┌────────

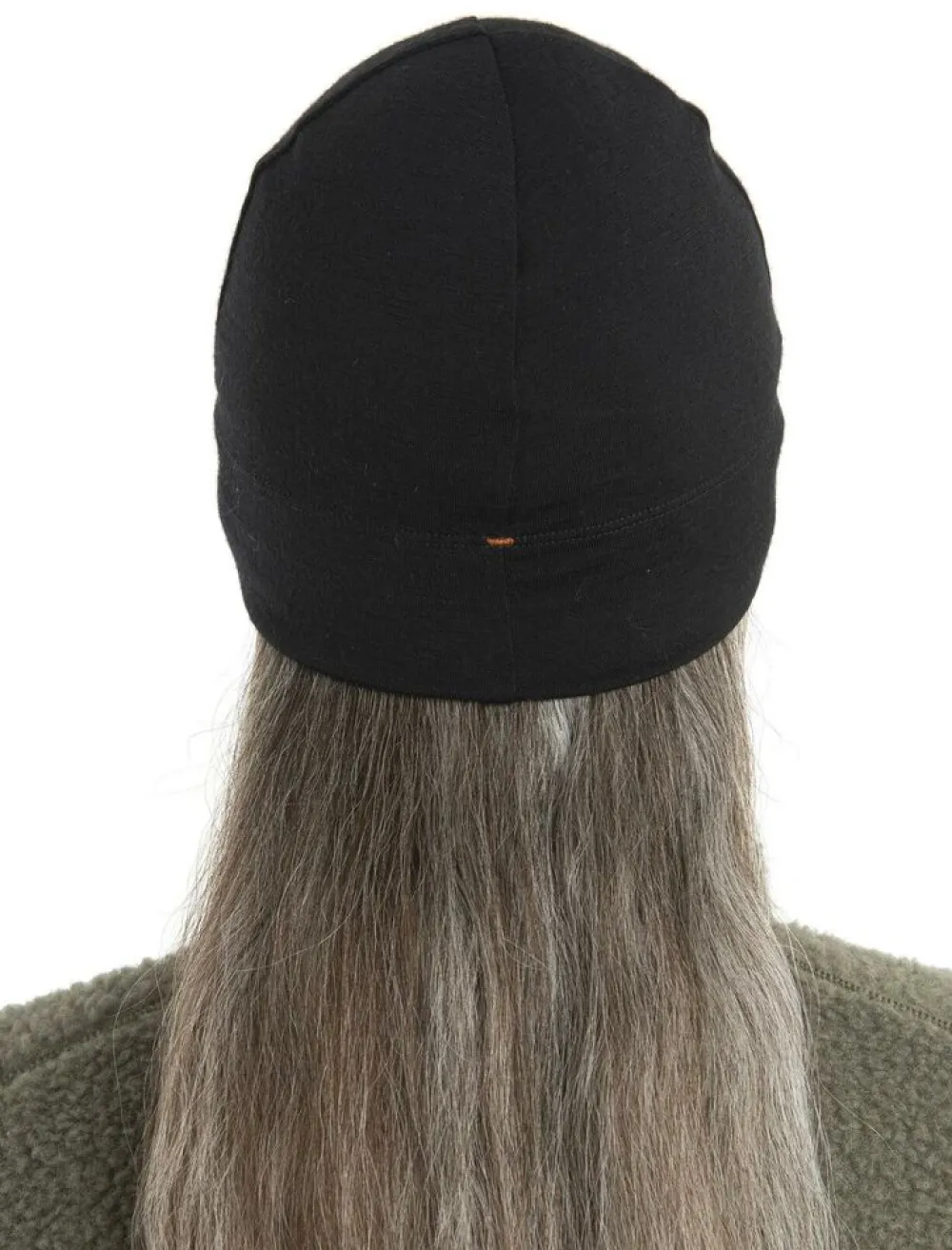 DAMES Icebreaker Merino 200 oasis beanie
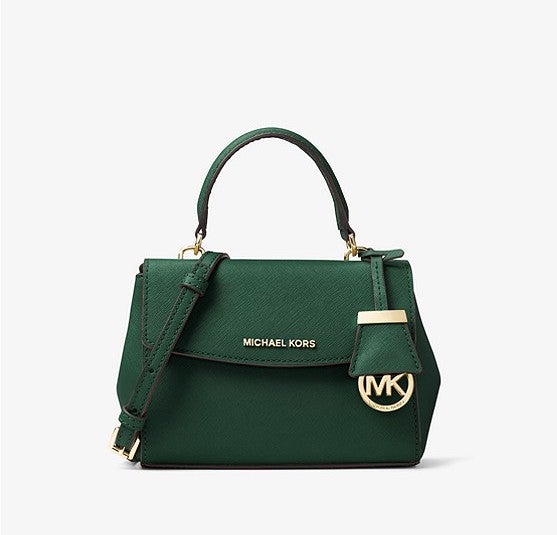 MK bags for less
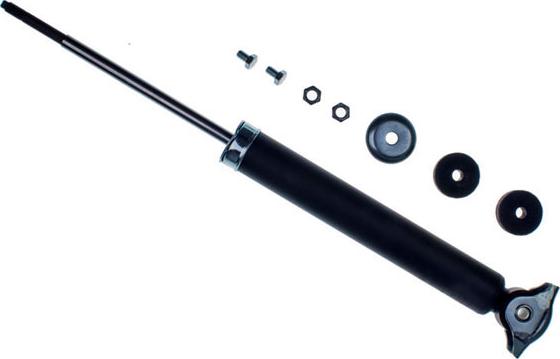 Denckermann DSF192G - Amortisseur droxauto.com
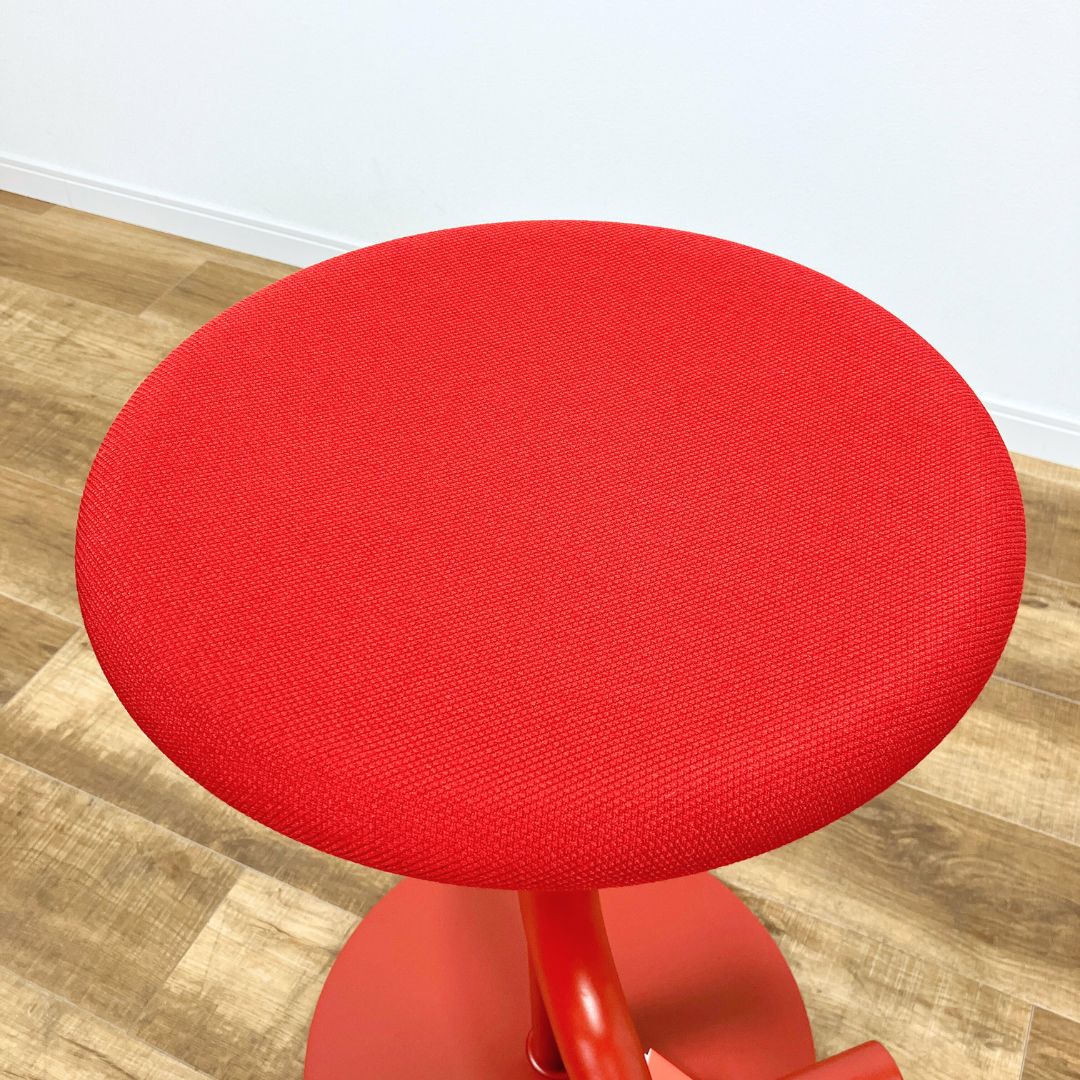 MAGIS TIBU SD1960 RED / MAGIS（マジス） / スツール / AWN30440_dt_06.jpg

└────────

> [TASK STATEMENT] Skip the pictures. Please copy exactly the lines from the one with "MK bags for less" through the final line of the material above, both ends included.

> [WRITTEN ANSWER]
 MK bags for less
 Denckermann DSF192G - Amortisseur droxauto.com
 MAGIS TIBU SD1960 RED / MAGIS（マジス） / スツール / AWN30440_dt_06.jpg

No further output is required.